Economica Sites

Beranda » Uncategorized » Tentang Penasehat Akademik

Tentang Penasehat Akademik

Dosen penasehat akademik adalah staf pengajar suatu perguruan tinggi yang dianggap cakap dan mampu memberikan bantuan nasehat akademik kepada para mahasiswa agar dapat menyelesaikan tugasnya sebagai mahasiswa. Bantuan yang diberikan oleh dosen penasehat akademik kepada setiap mahasiswa yang dalam binaanny dimaksudkan agar mahasiswa dapat mengembangkan pandangan, mengambil keputusan dan menanggulangi konsekuensinya sendiri.

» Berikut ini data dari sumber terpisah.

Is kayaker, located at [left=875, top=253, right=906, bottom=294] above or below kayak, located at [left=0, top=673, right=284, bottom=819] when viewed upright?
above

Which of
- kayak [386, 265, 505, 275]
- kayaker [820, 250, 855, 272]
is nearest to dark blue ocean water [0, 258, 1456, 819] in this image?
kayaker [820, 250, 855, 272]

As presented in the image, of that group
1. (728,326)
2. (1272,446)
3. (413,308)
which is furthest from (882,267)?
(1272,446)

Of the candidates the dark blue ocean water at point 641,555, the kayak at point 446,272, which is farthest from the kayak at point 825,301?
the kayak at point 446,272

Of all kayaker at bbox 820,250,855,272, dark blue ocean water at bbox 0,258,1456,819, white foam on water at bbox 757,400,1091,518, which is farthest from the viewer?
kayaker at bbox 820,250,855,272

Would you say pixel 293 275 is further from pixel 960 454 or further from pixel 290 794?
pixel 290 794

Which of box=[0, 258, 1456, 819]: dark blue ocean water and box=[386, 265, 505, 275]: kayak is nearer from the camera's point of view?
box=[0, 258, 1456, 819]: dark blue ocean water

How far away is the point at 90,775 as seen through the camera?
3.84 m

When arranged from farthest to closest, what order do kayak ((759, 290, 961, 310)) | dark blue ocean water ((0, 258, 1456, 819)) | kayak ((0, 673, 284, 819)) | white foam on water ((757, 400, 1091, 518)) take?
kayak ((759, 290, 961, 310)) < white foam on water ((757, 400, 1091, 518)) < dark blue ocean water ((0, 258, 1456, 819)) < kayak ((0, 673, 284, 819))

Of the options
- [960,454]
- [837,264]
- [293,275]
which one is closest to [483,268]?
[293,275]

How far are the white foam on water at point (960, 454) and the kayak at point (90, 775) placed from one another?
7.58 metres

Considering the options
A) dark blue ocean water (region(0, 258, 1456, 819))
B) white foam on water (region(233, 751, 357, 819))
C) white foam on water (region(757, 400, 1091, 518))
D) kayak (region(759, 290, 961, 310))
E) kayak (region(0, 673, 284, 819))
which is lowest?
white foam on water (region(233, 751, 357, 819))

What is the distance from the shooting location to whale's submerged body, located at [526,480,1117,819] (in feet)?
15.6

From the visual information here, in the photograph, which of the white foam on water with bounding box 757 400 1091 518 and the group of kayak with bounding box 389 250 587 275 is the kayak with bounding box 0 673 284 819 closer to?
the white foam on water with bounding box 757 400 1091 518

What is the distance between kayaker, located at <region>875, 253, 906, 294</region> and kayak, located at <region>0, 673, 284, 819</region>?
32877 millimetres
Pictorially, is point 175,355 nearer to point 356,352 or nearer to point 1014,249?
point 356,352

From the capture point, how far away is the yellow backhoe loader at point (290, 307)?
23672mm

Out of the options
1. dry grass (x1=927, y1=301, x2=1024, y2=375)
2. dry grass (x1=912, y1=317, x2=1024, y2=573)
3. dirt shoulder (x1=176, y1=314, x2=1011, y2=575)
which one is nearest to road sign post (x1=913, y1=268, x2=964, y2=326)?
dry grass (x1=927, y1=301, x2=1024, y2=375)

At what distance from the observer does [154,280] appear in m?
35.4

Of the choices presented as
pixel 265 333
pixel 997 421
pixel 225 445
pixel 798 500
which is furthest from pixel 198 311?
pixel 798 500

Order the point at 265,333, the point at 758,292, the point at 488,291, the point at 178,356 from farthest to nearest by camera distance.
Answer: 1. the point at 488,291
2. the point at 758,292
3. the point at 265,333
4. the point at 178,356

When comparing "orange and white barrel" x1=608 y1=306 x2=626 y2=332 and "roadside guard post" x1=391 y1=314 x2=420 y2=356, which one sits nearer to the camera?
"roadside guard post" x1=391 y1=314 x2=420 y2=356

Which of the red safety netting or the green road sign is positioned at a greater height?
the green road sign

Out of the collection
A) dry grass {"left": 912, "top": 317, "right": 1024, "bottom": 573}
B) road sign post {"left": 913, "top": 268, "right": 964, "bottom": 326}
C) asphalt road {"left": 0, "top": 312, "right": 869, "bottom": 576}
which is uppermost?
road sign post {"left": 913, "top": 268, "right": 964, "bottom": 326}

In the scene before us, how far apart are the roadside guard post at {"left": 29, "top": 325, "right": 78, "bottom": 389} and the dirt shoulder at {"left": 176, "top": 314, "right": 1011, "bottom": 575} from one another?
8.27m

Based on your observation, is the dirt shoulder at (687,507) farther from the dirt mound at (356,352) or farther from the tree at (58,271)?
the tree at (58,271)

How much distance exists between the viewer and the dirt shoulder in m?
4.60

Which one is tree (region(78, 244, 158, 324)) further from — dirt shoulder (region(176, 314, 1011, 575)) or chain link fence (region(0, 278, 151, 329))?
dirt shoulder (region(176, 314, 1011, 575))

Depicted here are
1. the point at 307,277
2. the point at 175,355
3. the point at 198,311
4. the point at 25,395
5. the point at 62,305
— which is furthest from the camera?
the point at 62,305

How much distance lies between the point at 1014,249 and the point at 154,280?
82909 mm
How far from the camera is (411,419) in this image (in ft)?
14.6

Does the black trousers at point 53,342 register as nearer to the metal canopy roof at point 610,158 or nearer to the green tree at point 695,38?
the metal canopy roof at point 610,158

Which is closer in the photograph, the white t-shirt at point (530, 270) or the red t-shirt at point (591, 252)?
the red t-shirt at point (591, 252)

Peran yang dimainkan dosen Penasehat Akademik di Perguruan Tinggi adalah :

  1. Dengan sistem kredit semester yang diterapkan di perguruan tinggi, setiap mahasiswa memiliki kewajiban untuk merencanakan mata kuliah dan jumlah SKS yang akan diikutinya berdasarkan Indeks Prestasi semester sebelumnya, sehingga setiap mahasiswa memiliki kesempatan untuk lebih maju berdasarkan kemampuannya masing-masing.
  2. Kedudukan dan peran dosen di perguruan tinggi adalah sebagai pengajar, pendidik, pembina, dan pembimbing mahasiswa.
  3. Adanya keanekaragaman latar belakang mahasiswa, antara lain lingkungan sosial, budaya, agama, ekonomi, dan pendidikan yang berbeda akan mempengaruhi perkembangan pribadi mahasiswa.

 Tugas Umum Dosen PA

  1. Memberikan penjelasan kepada mahasiswa tentang cara belajar di Perguruan Tinggi
  2. Mengidentifikasi masalah-masalah akademik yang dihadapi mahasiswa
  3. Memberikan pengarahan tentang pentingnya studi kelompok yang dikembangkan dalam diskusi kelompok belajar.
  4. Memberikan penjelasan tentang aturan akademik, pengertian KRS, Strategi belajar efektif untuk meningkatkan Indeks Prestasi.
  5. Menerima laporan dari mahasiswa tentang kesulitan-kesulitan belajar yang dihadapinya.
  6. Mendorong mahasiswa agar gemar melakukan pengkajian bidang ilmu secara ilmiah dan melakukan penelitian.

Tugas Khusus Dosen PA

  1. Membuat jadwal pertemuan berkala antara dosen PA dengan Mahasiswa yang dibimbing
  2. Mengadakan pertemuan berkala dengan mahasiswa yang dibimbingnya sesuai dengan jadwal yang telah disepakati.
  3. Menerima keluhan dan laporan tentang kemajuan belajar mahasiswa, baik saat pertemuan terjadwal maupun di luar acara pertemuan.
  4. Memberi pengarahan kepada mahasiswa yang dibimbing tentang berbagai keluhan dan laporan yang disampaikannya tentang masalah-masalah akademik dan atau masalah-masalah yang dapat mengganggu proses belajar mahasiswa.
  5. Memberikan laporan tertulis setiap kepada ketua program studi tentang perkembangan belajar mahasiswa yang dimbimbingnya.
  6. Menerima salinan Kartu Hasil Studi (KHS) yang dibimbingnya pada setiap akhir semester dan meneliti kembali keberhasilan studi mahasiswa.
  7. Menandatangani KRS dan surat permohonan cuti akademik.
  8. Bila dipandang perlu dapat melakukan konsultasi dengan pimpinan fakultas tentang masalah-masalah akademik yang dihadapi oleh mahasiswa yang dibimbingnya, termasuk melakukan komunikasi dengan orang tua mahasiswa yang dibimbingnya.